* _Problem statement_: Write out every line of the material as it stands, apart from the pictures.

* _Data_:
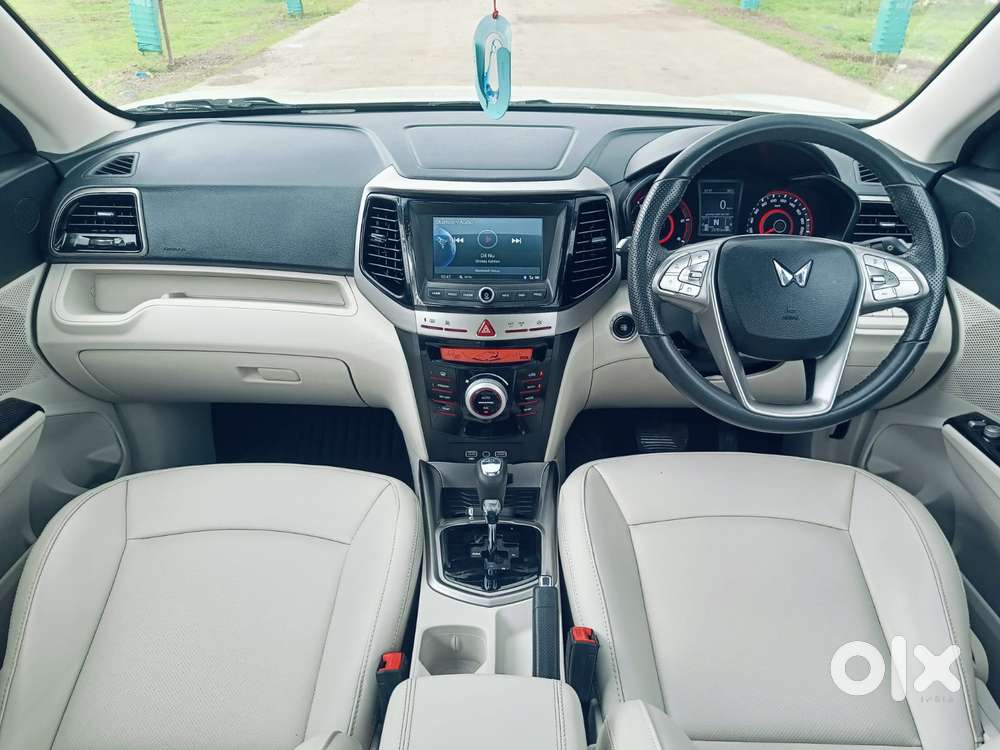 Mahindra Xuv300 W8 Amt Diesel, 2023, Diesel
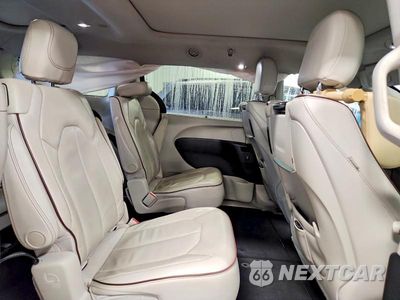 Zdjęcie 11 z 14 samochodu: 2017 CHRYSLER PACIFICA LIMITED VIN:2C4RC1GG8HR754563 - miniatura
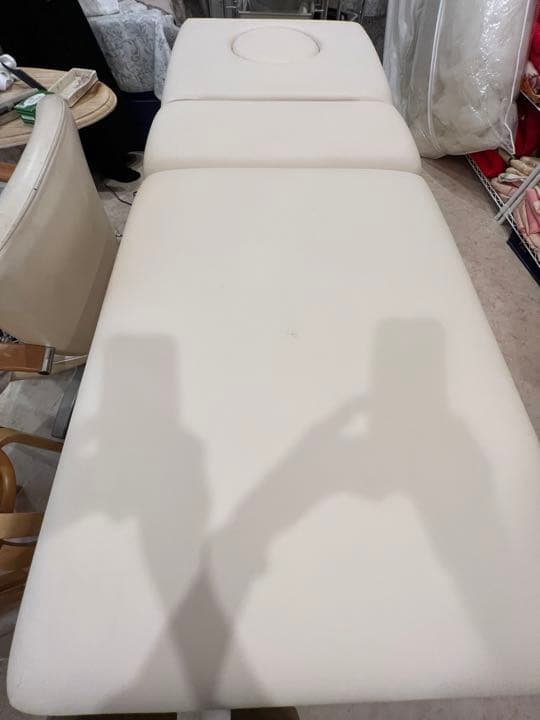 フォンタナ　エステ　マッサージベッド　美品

* _Answer section_:
 Mahindra Xuv300 W8 Amt Diesel, 2023, Diesel
 Zdjęcie 11 z 14 samochodu: 2017 CHRYSLER PACIFICA LIMITED VIN:2C4RC1GG8HR754563 - miniatura
 フォンタナ　エステ　マッサージベッド　美品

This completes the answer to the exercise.